Фея-Крёстная желает замуж — страница 3 из 50

Мяв-кун сгибается пополам и неприлично ржёт, молотя лапой воздух и помурлыкивая.

— Ох и повеселили вы меня, мявдам! Прямо умурчаться можно!

— Да. Только, увы, я совсем не шучу, господин мяв-кун.

Он вытаращивает круглые радужные с вертикальными зрачками глаза.

— И кому же в голову такая, мяврацкая идея взбрела, мяв?

— Кому же ещё! — восклицаю злобно и упираю руки в бока. — Конечно же, умникам из Отдела по контролю за магическим балансом, чтоб их единорог забодал! Мол, ректор магоакадемии непременно должен быть женат, а то непорядок.

— Ууу! — протягивает мяв-кун, скорее на собачий, чем на кошачий манер. — И что же делать будете, мяв?

— Как что? — вздыхаю, — Женить!

Внезапно мяв-кун расплывается в довольной улыбке, демонстрируя весьма-таки острые и опасные зубки, и говорит:

— А возьмите мявня, мяв, с собой? Я никак не могу пропустить подобное зрелище!

— Я только рада спутнику, господин мяв-кун, а особенно такому галантному и пушистому кавалеру, как вы.

Мяв-кун опускает глазки, скребёт задней лапкой воздух — стесняется.

— Только вот как нам через Злобнолес пролететь? — озвучиваю главную проблему, и по хитрой малиново-полосатой физиономии мяв-куна понимаю: знает.

Свой окрас мяв-куны могут менять по желанию. Хоть фиолетовыми быть. Поэтому в некоторых классификациях их называют «радужные». Сами мяв-куны на такую характеристику обижаются. И чаще предпочитают вырвиглазно-малиновую с фиолетовыми полосами шерсть.

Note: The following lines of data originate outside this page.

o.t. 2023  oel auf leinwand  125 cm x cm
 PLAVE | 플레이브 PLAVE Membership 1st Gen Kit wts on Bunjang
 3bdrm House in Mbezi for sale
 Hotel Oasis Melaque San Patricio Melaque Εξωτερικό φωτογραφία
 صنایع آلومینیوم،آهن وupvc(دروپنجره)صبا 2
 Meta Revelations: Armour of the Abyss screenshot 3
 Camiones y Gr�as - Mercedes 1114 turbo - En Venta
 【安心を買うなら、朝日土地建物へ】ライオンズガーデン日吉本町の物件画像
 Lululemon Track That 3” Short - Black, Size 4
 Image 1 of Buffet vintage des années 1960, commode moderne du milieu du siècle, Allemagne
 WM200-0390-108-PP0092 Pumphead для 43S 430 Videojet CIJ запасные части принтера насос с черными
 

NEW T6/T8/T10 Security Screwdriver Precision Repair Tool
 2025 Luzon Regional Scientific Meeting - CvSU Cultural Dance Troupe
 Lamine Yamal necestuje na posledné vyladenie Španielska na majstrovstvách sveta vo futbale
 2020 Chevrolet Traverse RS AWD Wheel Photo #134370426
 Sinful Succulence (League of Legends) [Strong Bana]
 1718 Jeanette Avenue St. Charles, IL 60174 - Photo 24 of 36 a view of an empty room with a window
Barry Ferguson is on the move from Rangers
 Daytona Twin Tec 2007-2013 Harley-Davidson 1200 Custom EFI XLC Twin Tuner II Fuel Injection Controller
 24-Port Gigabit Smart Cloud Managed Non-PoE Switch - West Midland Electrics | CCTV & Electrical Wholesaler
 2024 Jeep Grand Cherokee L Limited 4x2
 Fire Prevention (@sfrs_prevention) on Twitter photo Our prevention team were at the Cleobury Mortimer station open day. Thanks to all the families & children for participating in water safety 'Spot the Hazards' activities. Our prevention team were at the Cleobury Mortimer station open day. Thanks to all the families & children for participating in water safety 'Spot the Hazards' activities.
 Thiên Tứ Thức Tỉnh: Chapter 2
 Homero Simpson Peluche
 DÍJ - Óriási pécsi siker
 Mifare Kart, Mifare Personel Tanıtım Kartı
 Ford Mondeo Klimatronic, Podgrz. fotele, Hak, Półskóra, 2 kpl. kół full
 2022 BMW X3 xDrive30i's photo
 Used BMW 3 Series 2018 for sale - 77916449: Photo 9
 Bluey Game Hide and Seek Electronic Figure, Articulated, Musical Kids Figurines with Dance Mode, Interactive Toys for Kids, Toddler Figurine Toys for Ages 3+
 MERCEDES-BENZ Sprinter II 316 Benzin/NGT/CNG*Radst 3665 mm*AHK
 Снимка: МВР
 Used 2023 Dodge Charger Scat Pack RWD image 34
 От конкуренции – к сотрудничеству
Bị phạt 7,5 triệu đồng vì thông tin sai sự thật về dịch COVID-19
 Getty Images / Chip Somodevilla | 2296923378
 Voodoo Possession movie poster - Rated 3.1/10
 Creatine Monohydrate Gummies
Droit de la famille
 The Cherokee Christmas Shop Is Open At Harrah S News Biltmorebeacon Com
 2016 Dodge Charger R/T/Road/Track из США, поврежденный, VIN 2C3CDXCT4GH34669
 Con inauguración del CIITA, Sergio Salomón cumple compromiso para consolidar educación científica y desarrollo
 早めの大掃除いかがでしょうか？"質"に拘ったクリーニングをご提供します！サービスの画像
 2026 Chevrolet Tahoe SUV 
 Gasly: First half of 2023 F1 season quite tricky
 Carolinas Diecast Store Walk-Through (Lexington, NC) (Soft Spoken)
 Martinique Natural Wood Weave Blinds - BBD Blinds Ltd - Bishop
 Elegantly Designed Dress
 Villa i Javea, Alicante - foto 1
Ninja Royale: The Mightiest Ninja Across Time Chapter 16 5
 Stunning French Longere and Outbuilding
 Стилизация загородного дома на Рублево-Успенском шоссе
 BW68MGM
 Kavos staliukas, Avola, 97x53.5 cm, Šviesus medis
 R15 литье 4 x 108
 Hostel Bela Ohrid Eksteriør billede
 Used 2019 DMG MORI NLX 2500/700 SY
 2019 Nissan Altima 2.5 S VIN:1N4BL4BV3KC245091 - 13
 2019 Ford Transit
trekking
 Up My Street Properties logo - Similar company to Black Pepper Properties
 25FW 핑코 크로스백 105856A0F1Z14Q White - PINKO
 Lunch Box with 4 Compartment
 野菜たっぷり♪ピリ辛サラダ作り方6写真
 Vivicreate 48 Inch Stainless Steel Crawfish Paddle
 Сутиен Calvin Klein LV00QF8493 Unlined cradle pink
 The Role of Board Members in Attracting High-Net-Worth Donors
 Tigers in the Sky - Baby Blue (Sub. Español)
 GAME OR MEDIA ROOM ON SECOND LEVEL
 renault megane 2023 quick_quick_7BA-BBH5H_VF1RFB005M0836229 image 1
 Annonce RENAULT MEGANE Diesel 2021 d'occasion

— Это не проблема, — машет мяв-кун лапой, подтверждая мою догадку, — проведу. Уж я-то все облётные пути давно разнюхал, мяв.

Змей на хвосте шипит — соглашается, видимо.

— Ведите тогда.

— Хмаврашо, — мурлычет он. — Но, ради вашей красоты, давайте перейдём на «ты», — и, не дождавшись моего согласия, переходит сам: — И ты перестаешь называть меня «господин мяв-кун». Я ещё не совсем старый для такого официоза, мяв.

— Уговорил, — тереблю его за ухом, он блаженно зажмуривается и начинает громко урчать. — Как же мне тебя называть?

Он вновь раскланивается, прямо как заправский Кот-В-Сапогах, и произносит важно:

— Мурчелло Мявкало Тринадцатый.

— Мурчелло, значит, — повторяю я, пробуя на вкус мурчащее имя. В жизни не слышала ничего столь нелепого и — одновременно — невероятно милого.

— А какое имя носит прекрасная дамява?

Ух ты, озадачил!

Сто пятьдесят лет живу, а никто ни разу по имени-то и не назвал. Всё фея-крёстная да фея-крёстная. Мысленно кривлюсь, вспоминая своих многочисленных крестниц с их балами. Чтоб им в тыквах всю жизнь ездить! Эгоистки гадские, даже имени мне не дали!

Пожимаю плечами и констатирую грустно:

— Прости, Мурчелло, но у меня нет имени.

— Как мявк! — возмущается он. — Такой красавице, как ты, обязательно нужно мур-имя!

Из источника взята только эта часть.